>>

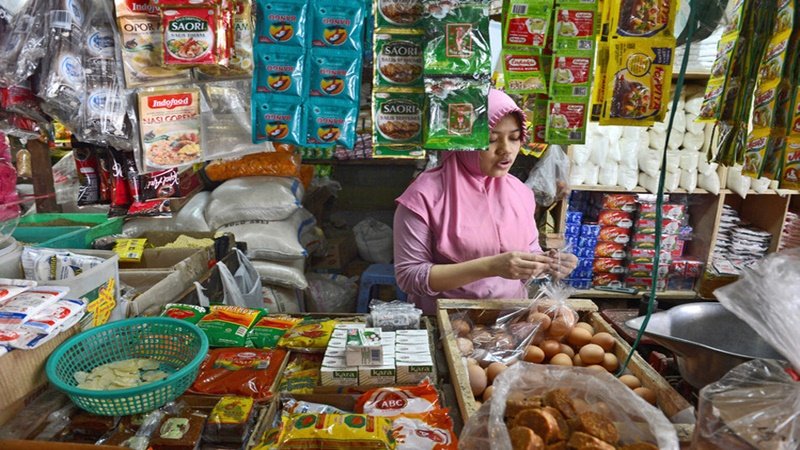 Melihat Derita Anak yang Disuruh Jaga Warung Ibunya. Kalau Nggak Apes sih, Apes Banget~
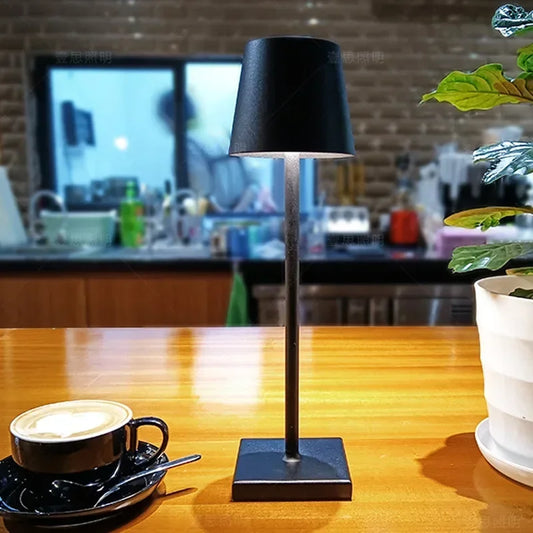 Lampe de chevet sans fil & rechargeable en métal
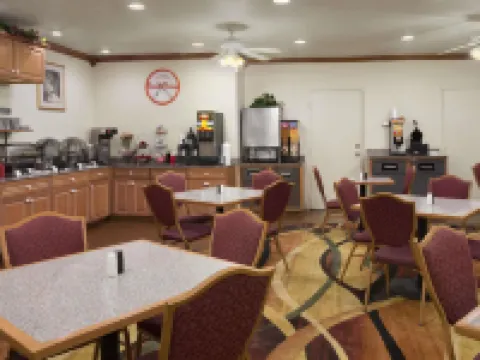 โฮเวิร์ด จอห์นสัน บายวินด์แฮม สนามบินโอคลาโฮมาซิตี้/แฟร์กราวด์ส โรงแรมในโอคลาโฮมาซิตี้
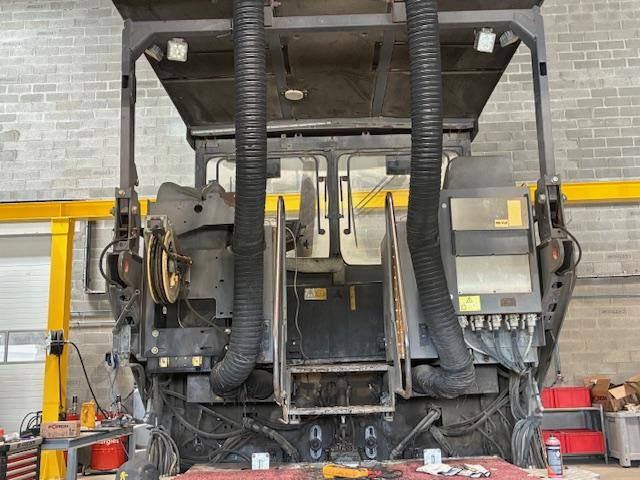 Volvo P6820C - 沥青铺路机:图5 Volvo P6820C - 沥青铺路机:图5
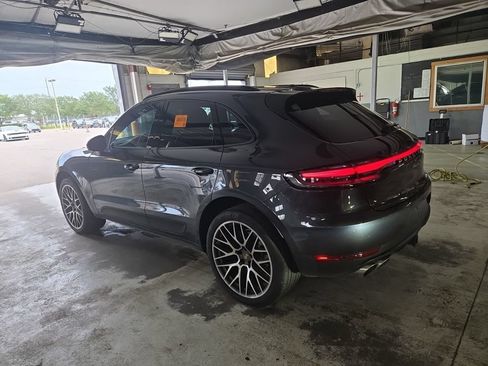 Used 2021 Porsche Macan S AWD/4WD image 2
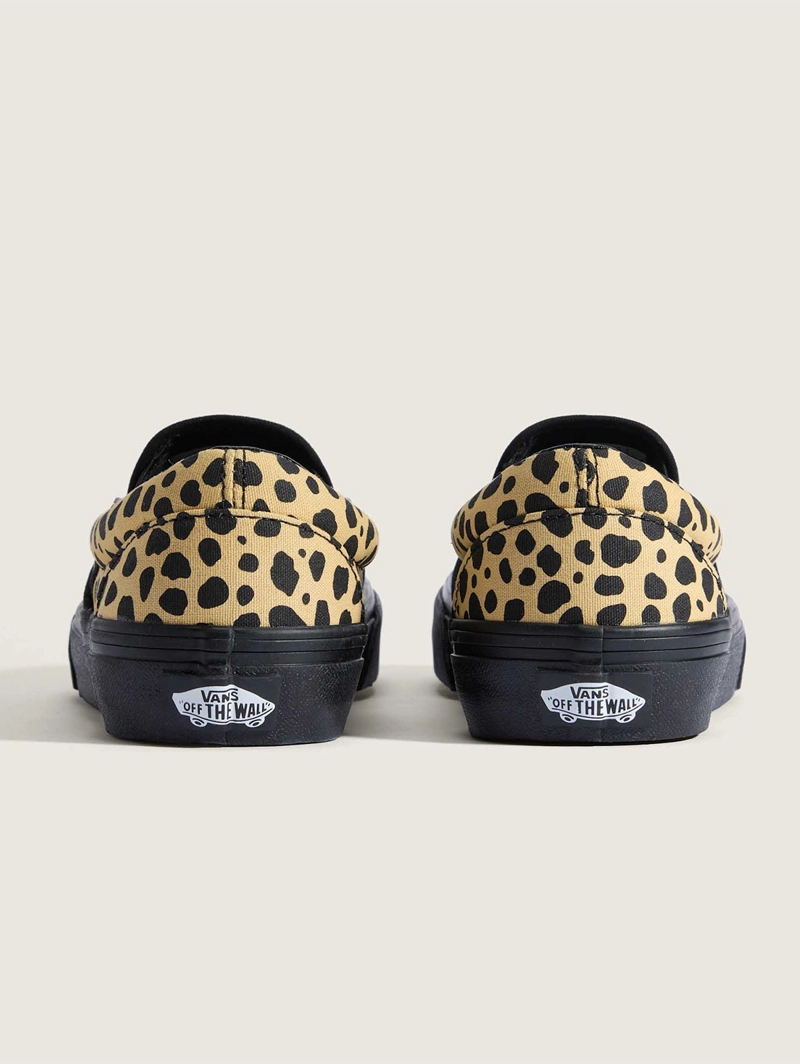 ZAPATILLA MUJER CLASSIC SLIP-ON NEGRO VANS - 5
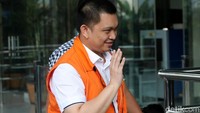 Begini ekspresi Aditya Moha saat tiba di Gedung KPK, Jakarta, Kamis (12/10/2017).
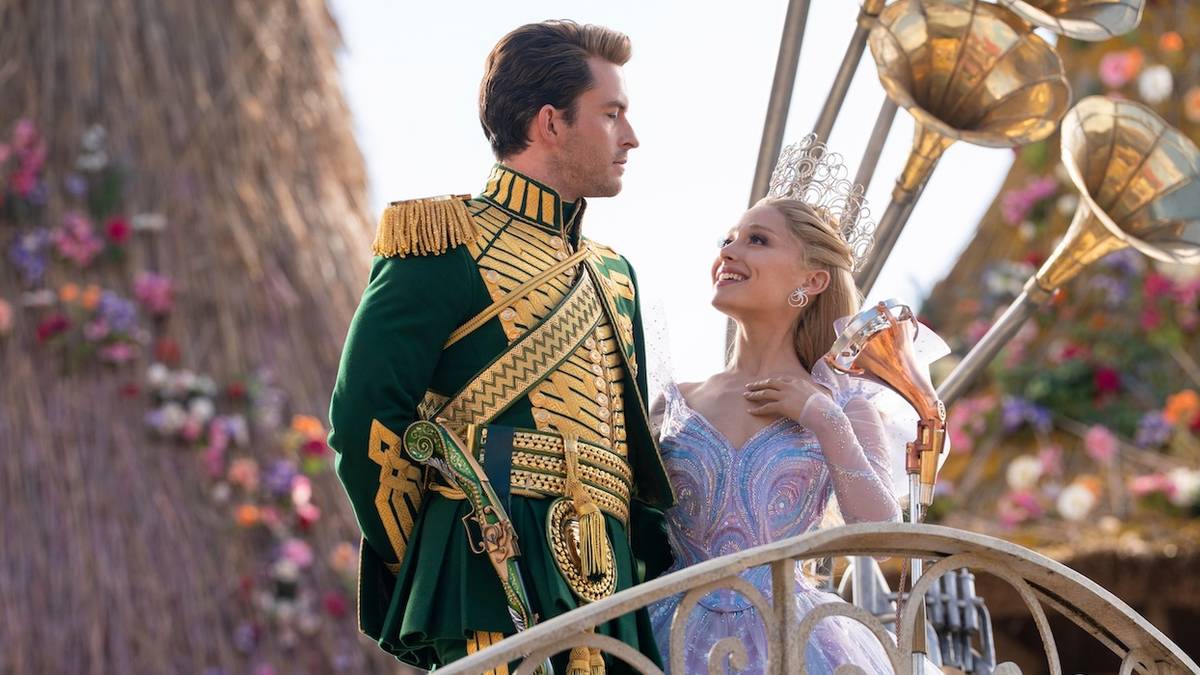 Jonathan Bailey and Ariana Grande in Wicked: For Good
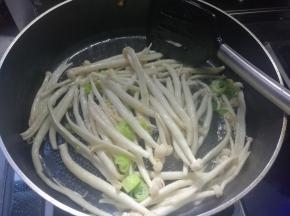 加入白玉菇翻炒至稍微变软。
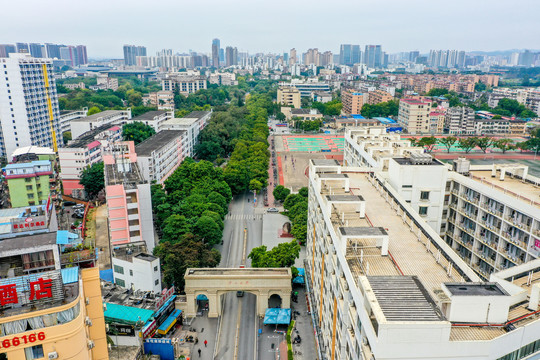 航拍广西大学东门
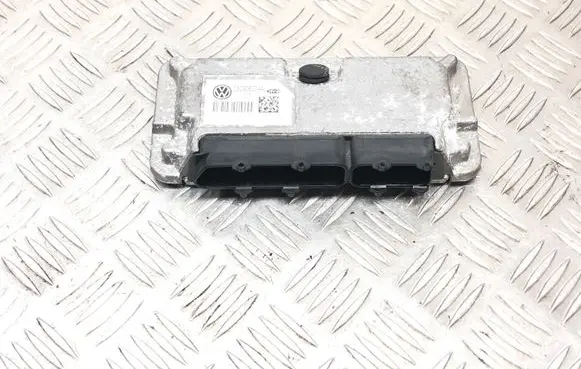 Skoda Octavia Mk2 (1Z) Engine control unit/module 03C906024AJ 0316H06 MY228606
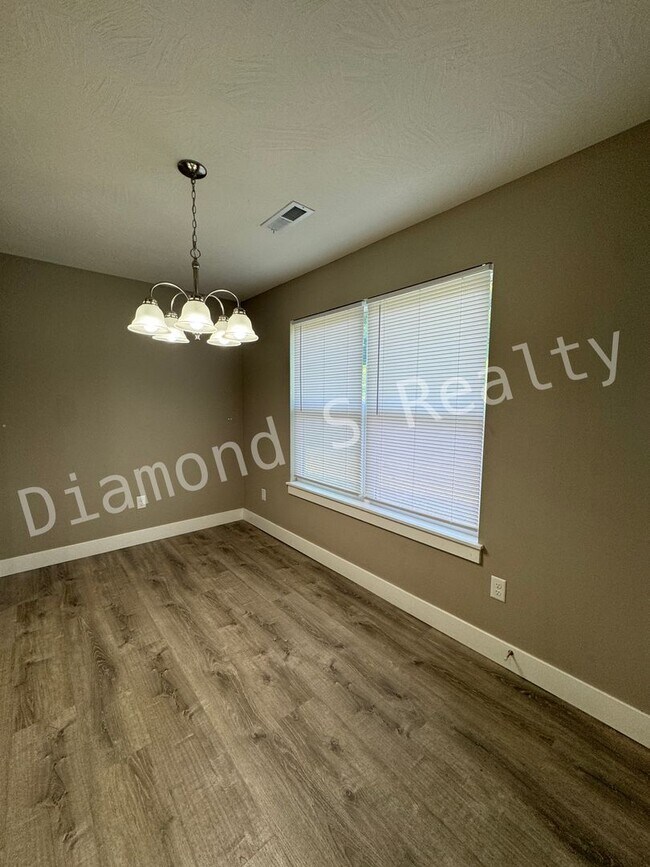 Building Photo - MOVE IN SPECIAL:  FIRST FULL MONTH FREE WI...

<<

Exercise goal:
After locating the line that contains "Lampe de chevet", output it and all later lines through the end of the material exactly, leaving out pictures.

Solved problem:
 Lampe de chevet sans fil & rechargeable en métal
 โฮเวิร์ด จอห์นสัน บายวินด์แฮม สนามบินโอคลาโฮมาซิตี้/แฟร์กราวด์ส โรงแรมในโอคลาโฮมาซิตี้
 Volvo P6820C - 沥青铺路机:图5 Volvo P6820C - 沥青铺路机:图5
 Used 2021 Porsche Macan S AWD/4WD image 2
 ZAPATILLA MUJER CLASSIC SLIP-ON NEGRO VANS - 5
 Begini ekspresi Aditya Moha saat tiba di Gedung KPK, Jakarta, Kamis (12/10/2017).
 Jonathan Bailey and Ariana Grande in Wicked: For Good
 加入白玉菇翻炒至稍微变软。
 航拍广西大学东门
 Skoda Octavia Mk2 (1Z) Engine control unit/module 03C906024AJ 0316H06 MY228606
 Building Photo - MOVE IN SPECIAL:  FIRST FULL MONTH FREE WI...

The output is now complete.